Snapchat gets a new name, Snap Inc., and will soon release camera-equipped glasses that shoot first-person video.
Like to view the world through Snapchat-colored glasses? You'll soon be able to do that for real.
The millennial-friendly messaging service plus social network plus video hub is set to release "Spectacles," its own smart glasses. The specs shoot first-person video clips, or Snaps, that you can transfer directly to the Snapchat app.
The company, which has also renamed itself Snap Inc. to reflect its expansion into consumer hardware, touted the new product Saturday by way of a fashion-friendly website called, appropriately enough, Spectacles.com. It also posted a statement on the new site Snap.com.

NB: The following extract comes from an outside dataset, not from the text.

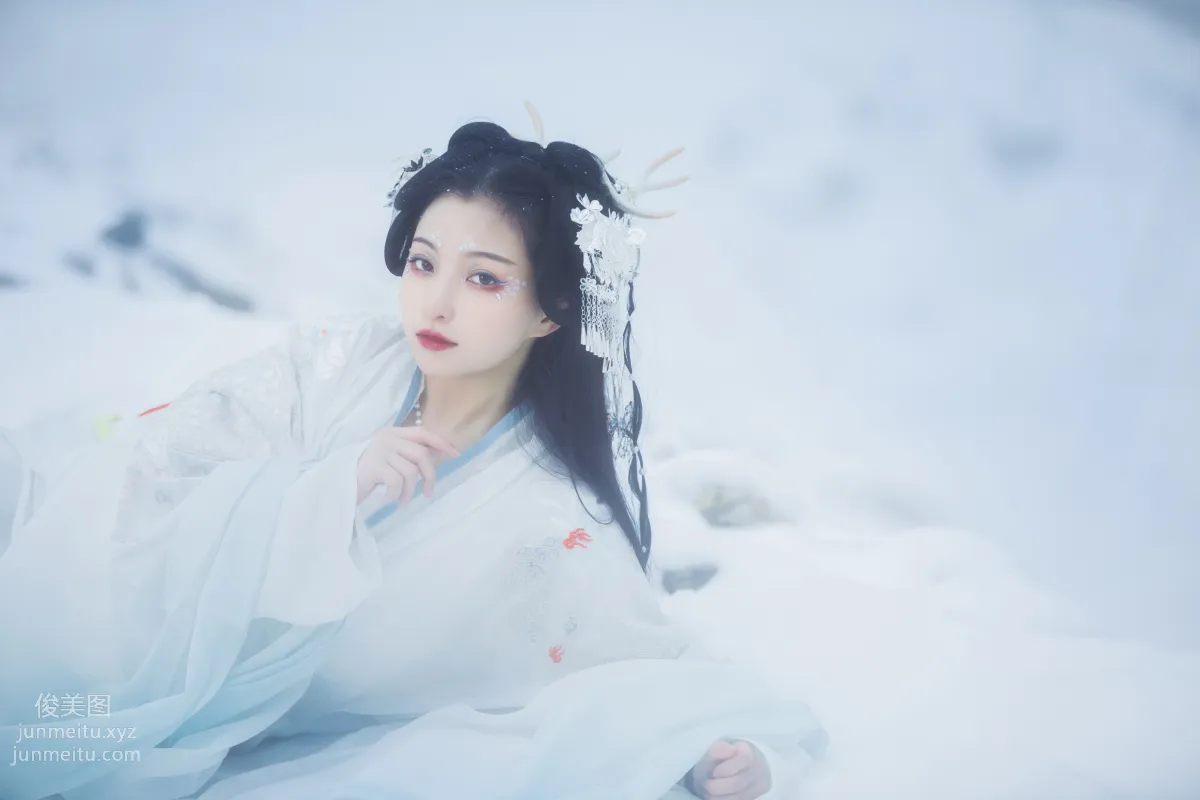 [YITUYU艺图语]2022.01.12 雪妖 一千只大日日 page 12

"We've created one of the smallest wireless video cameras in the world," the post says, "capable of taking a day's worth of Snaps on a single charge, and we integrated it seamlessly into a fun pair of sunglasses."
Both sites say the specs will arrive "soon." In an article published late Friday by The Wall Street Journal, Snap Inc. CEO Evan Spiegel said the glasses would be available in the fall.
The move is the latest in the continuous effort by tech companies to see into the future and stake out new territory as they jostle for customers and try to keep each other at bay.
Social-media juggernaut Facebook failed to acquire Snapchat three years ago and has watched as the upstart and its video Snaps (until now shot only with smartphones) have seized the imagination of the younger crowd. That's one of the reasons -- along with live-streaming products like Twitter's Periscope -- behind Facebook's strong move into video with its Facebook Live feature. Among other things, the Spectacles product adds another element to the video equation.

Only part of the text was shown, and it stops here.